Türkiye’ye Adaylık Statüsü
10-11-Aralık-1999'daki Avrupa Birliği Helsinki Zirvesinde
(Devlet Hükümet Başkanları toplantısında)
Türkiye'nin AB'ye Tam üyelik Adaylığı kesinleşti.
İlaveten zirvede, Kopenhag siyasi
kriterlerini yerine getirmiş olan ve ekonomik
kriterlere uyum için gerekli tedbirleri almaya hazır
oldukları görülmüş olan ve 13-Aralık-1997'den
beri aday olan Bulgaristan, Malta, Litvanya, Romanya
ve Slovakya ile Şubat 2000'de tam üyelik
müzakerelerinin başlatılması kararlaştırıldı.

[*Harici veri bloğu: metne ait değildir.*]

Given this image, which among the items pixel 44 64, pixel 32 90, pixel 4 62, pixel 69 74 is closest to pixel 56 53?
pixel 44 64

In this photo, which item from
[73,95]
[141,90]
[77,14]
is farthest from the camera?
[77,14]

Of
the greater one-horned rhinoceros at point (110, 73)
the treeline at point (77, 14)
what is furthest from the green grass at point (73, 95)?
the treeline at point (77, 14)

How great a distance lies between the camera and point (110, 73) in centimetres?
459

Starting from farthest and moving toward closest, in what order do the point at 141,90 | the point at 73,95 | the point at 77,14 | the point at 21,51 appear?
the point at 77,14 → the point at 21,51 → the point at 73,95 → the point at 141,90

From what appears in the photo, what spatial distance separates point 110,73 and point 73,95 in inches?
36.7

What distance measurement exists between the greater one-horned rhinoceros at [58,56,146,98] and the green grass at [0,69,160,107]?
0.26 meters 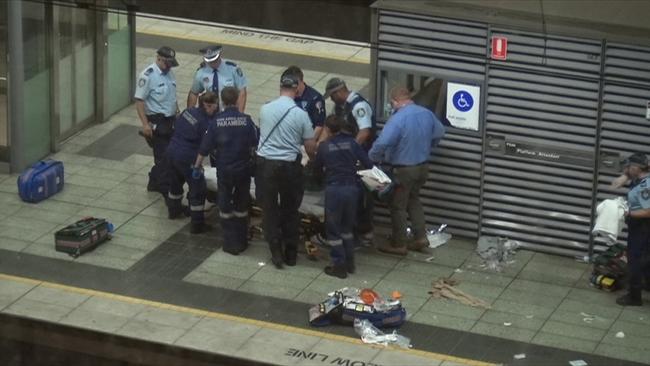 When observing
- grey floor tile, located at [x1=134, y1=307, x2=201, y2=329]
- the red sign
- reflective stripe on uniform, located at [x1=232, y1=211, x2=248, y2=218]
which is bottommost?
grey floor tile, located at [x1=134, y1=307, x2=201, y2=329]

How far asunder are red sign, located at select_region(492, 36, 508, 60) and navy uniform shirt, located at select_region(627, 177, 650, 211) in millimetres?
1945

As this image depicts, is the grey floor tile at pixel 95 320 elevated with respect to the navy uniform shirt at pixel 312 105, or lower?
lower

Zaten Aralık 1997'de AB adaylığına kabul edilen
Macaristan, Polonya, Çek Cumhuriyeti, Estonya ve
Güney Kıbrıs ile AB ye katılım müzakereleri ise
31-Mart-1998'de resmen başlamıştı.
Ayrıca Helsinki Zirve Metninde 13 aday ülkenin
tam üyelik müzakeresinde eşit kriterler
uygulanacağı, aday ülkeler arasında sınır
sorunlarının Birleşmiş Milletler (BM) kurallarına
göre barışçı yollardan çözmelerine gayret
göstermeleri, bu sorunlar 2004 yılına kadar
çözülmediği takdirde tarafların bu sorunların çözümü
için Lahey Adalet Divanına (LAD) götürmeleri tavsiye
edilmiştir.
Zirve metnine göre, hiçbir aday ülke diğer bir adayın AB'ye tam
üyeliğini engelleyemeyeceği gibi, bütün adaylar
tam üyelik için Kopenhag Kriterlerine uymak
zorundadır. Kıbrıs sorunu ise 2004 yılına
kadar bir çözüme ulaşmadığı takdirde, AB konseyi
Ada'nın tam üyeliği "ilgili tüm faktörleri
dikkate alarak" 2005 yılında karara
bağlayacaktır.
Kopenhag Kriterleri
Bu kriterler 3 ana başlık altında toplanmıştır. Bunlar;
- "Demokrasi,hukuk düzeni, insan haklarına saygı ve
azınlıkların korunmasını garanti altına alan
kurumların istikrarını sağlamak,
- Birlik içindeki rekabet baskısına ve pazar güçlerine uyum
sağlayabilecek işleyen bir pazar ekonomisinin
bulunması".
- Siyasi, ekonomik ve parasal birliğe katılım gibi üyeliğin
gerektirdiği zorunlulukları yerine getirebilme
kabiliyetine sahip olmaktır".
Bu kriterlere göre her aday ülke iç politikadan adalete,
çevreden rekabet kurallarına, tarımdan çalışma
hayatına, kısaca 1958'den beri oluşan tüm siyasi,
ekonomik ve sosyal alanlarda 100 bin sayfa
dolayındaki 31 konudaki AB müktesebatına
(mevzuatına) uyum sağlamak zorundadır. Bu uyumun
bir kısmı adaylık döneminde, diğer kısmı da tam
üyeliğe kabul edildikten sonra tamamlanmaya
çalışılacaktır. Ancak, siyasi kriterler yerine
getirilmeden AB'ye üyelik müzakerelerinin başlaması
bile mümkün değildir. Tabii, siyasi kriterlerin
bazıları her aday ülke için farklılıklar arz
etmektedir. Türkiye' de insan hakları ve Kürt
meselesi, Romanya' da Çingenelerin durumu gibi.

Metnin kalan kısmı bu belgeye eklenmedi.